The reason most of us recommended this is because speech difficulties can be caused by a variety of factors. Sometimes there is something different about the structure of the vocal tract.  For example, the child has a tongue tie, has a cleft palate, or their velum isn’t working properly (that little piece that dangles down at the back of the throat).  They may also have a condition such as dyspraxia or weak muscles which will impact on their speech.  Sometimes, they just haven’t learned to say the sound properly, or learned to say it the wrong way when they were much younger and kept on doing it that way.  The treatment methods for these difficulties will vary depending on its cause.


My point is that if you don’t know the cause then you can’t treat it properly. In fact you could make things worse by putting the child through ineffective, unnecessary therapy.  Too often therapists don’t do an oro-facial assessment.  An oro-facial assessment s when the therapist will look at a child’s face (for things like facial symmetry), look into their mouths, get them to say “ah” and then ask them to perform a series of tasks involving moving their tongue up and down, puffing out their cheeks etc.

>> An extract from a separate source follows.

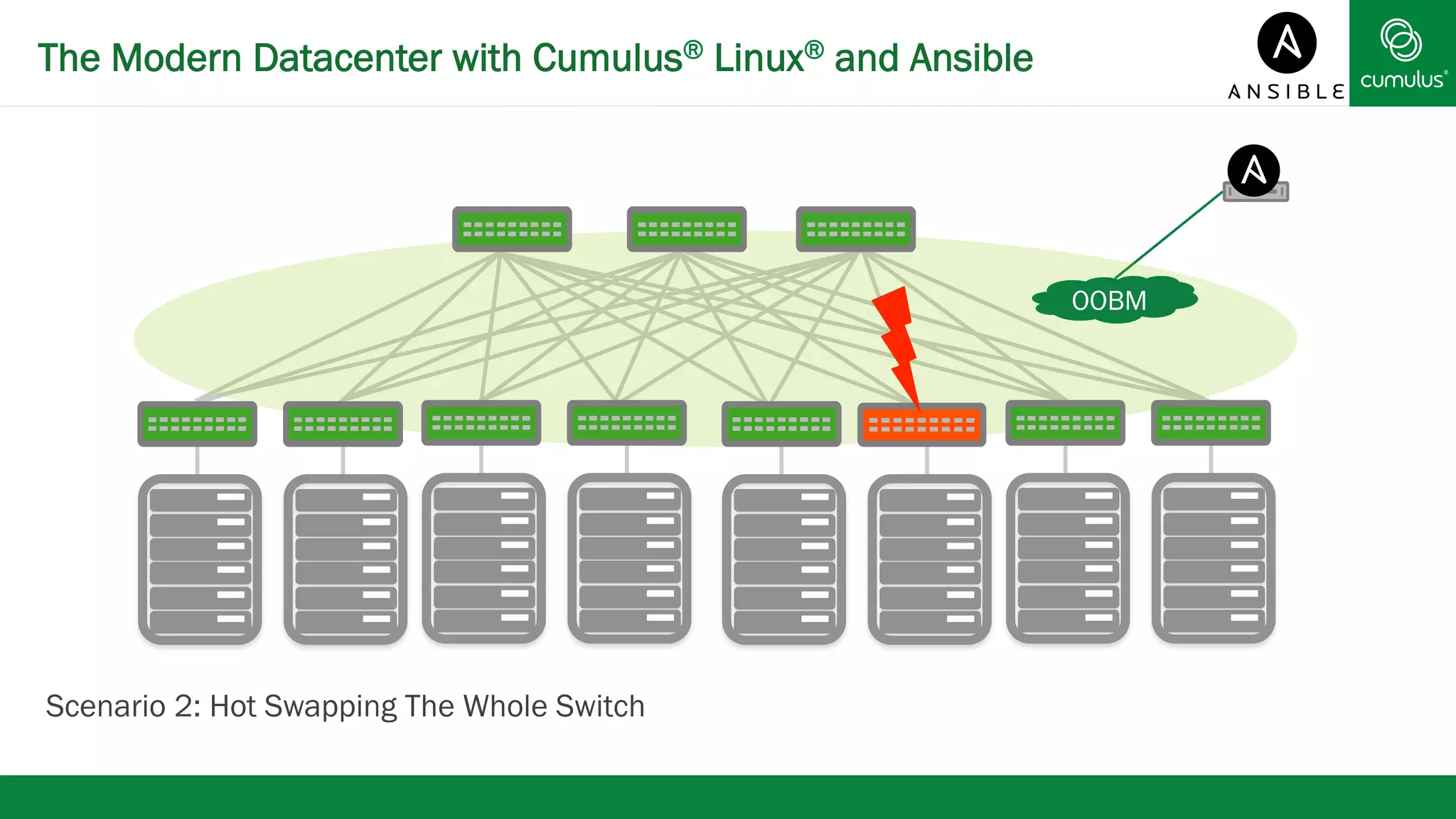 The Modern Datacenter with Cumulus® Linux® and Ansible 
OOBM 
Scenario 2: Hot Swapping The Whole Switch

I believe this to be a vital part of assessment and I always do one when assessing a child who has been referred for speech difficulties, but I am dismayed to find therapists that don’t and it causes me concern. I have seen patients who have been in treatment for a long time and never had one.  I have performed this assessment with patients and discovered conditions such as a weak velum, that ultimately needed surgery.

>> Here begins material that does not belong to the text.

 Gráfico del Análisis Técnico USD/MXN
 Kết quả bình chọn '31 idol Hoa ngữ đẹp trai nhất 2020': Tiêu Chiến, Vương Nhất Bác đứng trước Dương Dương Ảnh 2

I did some locum work for a neighbouring health trust and on my first day when being shown around my new clinic room, I asked where the alcohol gel and gloves were kept?  The person giving me the guided tour ( a therapist) asked me why I needed them?  I responded “for oro-facial assessments” and was told “oh we don’t really do them”!!!!!  I kept my poker face on, but was so, so shocked.  It is ingrained into every therapist at university that you should always perform one as part of your assessment. However, I have noticed increasingly that this is left out. Corners are cut and it is not good folks!!!

So, to every parent I say “please ask the clinician to do one if you are seen for speech difficulties”.  To every therapist colleague of mine, I respectfully say “please, please don’t cut corners and leave this out, as you cannot treat someone effectively without a full understanding of what is occurring and you cannot gain a full understanding without performing an oro-facial assessment.